Web page caption snippets:
________

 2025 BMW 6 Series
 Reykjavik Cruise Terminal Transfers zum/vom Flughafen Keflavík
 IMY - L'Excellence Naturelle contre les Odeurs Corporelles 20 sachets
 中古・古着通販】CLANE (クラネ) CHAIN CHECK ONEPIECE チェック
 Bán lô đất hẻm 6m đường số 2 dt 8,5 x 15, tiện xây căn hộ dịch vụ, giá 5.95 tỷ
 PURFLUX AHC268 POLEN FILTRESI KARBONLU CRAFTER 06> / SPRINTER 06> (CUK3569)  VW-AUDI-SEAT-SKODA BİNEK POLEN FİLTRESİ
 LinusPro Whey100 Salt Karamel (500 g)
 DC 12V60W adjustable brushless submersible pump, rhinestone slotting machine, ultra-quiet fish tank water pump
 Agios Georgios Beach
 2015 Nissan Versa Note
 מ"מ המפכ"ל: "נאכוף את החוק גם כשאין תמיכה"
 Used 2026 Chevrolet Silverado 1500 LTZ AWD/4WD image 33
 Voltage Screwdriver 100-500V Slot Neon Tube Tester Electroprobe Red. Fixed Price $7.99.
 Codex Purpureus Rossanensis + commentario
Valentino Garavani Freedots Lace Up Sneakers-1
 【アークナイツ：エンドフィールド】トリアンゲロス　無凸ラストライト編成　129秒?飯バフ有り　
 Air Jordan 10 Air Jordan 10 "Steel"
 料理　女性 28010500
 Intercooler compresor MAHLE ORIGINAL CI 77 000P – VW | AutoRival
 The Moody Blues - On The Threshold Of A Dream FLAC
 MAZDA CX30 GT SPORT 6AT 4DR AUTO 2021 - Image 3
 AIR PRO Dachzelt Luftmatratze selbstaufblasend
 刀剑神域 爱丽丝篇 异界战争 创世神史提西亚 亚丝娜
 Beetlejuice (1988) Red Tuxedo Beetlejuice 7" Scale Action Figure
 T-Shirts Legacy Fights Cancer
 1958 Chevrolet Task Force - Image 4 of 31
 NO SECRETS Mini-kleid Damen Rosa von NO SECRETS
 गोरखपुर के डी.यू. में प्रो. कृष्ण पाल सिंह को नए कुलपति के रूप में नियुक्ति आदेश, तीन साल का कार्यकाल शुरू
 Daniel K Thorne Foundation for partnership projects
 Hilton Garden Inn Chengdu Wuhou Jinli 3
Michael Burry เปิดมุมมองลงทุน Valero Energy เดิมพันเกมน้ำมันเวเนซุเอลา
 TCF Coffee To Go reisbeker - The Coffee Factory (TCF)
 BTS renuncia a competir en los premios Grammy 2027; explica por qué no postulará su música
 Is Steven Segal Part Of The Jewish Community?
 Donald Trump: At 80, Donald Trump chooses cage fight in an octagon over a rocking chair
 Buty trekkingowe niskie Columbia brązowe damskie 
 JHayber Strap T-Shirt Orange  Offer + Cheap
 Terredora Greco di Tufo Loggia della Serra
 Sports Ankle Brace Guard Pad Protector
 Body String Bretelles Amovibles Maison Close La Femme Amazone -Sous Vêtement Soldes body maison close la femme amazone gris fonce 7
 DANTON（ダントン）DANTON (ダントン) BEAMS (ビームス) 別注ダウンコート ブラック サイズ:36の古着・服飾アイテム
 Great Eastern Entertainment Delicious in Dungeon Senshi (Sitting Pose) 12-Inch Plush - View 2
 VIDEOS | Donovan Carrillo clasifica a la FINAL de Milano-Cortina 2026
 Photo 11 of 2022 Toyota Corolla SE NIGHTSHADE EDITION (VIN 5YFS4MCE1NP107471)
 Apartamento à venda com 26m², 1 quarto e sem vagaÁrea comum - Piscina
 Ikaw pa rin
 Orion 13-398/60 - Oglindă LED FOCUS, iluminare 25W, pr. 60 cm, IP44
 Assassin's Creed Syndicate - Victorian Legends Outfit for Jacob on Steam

________

Prompt: Only the lines from the beginning of the entries through the line bearing "Intercooler compresor MAHLE" should be returned, each exactly as written.

Result for this exercise:
 2025 BMW 6 Series
 Reykjavik Cruise Terminal Transfers zum/vom Flughafen Keflavík
 IMY - L'Excellence Naturelle contre les Odeurs Corporelles 20 sachets
 中古・古着通販】CLANE (クラネ) CHAIN CHECK ONEPIECE チェック
 Bán lô đất hẻm 6m đường số 2 dt 8,5 x 15, tiện xây căn hộ dịch vụ, giá 5.95 tỷ
 PURFLUX AHC268 POLEN FILTRESI KARBONLU CRAFTER 06> / SPRINTER 06> (CUK3569)  VW-AUDI-SEAT-SKODA BİNEK POLEN FİLTRESİ
 LinusPro Whey100 Salt Karamel (500 g)
 DC 12V60W adjustable brushless submersible pump, rhinestone slotting machine, ultra-quiet fish tank water pump
 Agios Georgios Beach
 2015 Nissan Versa Note
 מ"מ המפכ"ל: "נאכוף את החוק גם כשאין תמיכה"
 Used 2026 Chevrolet Silverado 1500 LTZ AWD/4WD image 33
 Voltage Screwdriver 100-500V Slot Neon Tube Tester Electroprobe Red. Fixed Price $7.99.
 Codex Purpureus Rossanensis + commentario
Valentino Garavani Freedots Lace Up Sneakers-1
 【アークナイツ：エンドフィールド】トリアンゲロス　無凸ラストライト編成　129秒?飯バフ有り　
 Air Jordan 10 Air Jordan 10 "Steel"
 料理　女性 28010500
 Intercooler compresor MAHLE ORIGINAL CI 77 000P – VW | AutoRival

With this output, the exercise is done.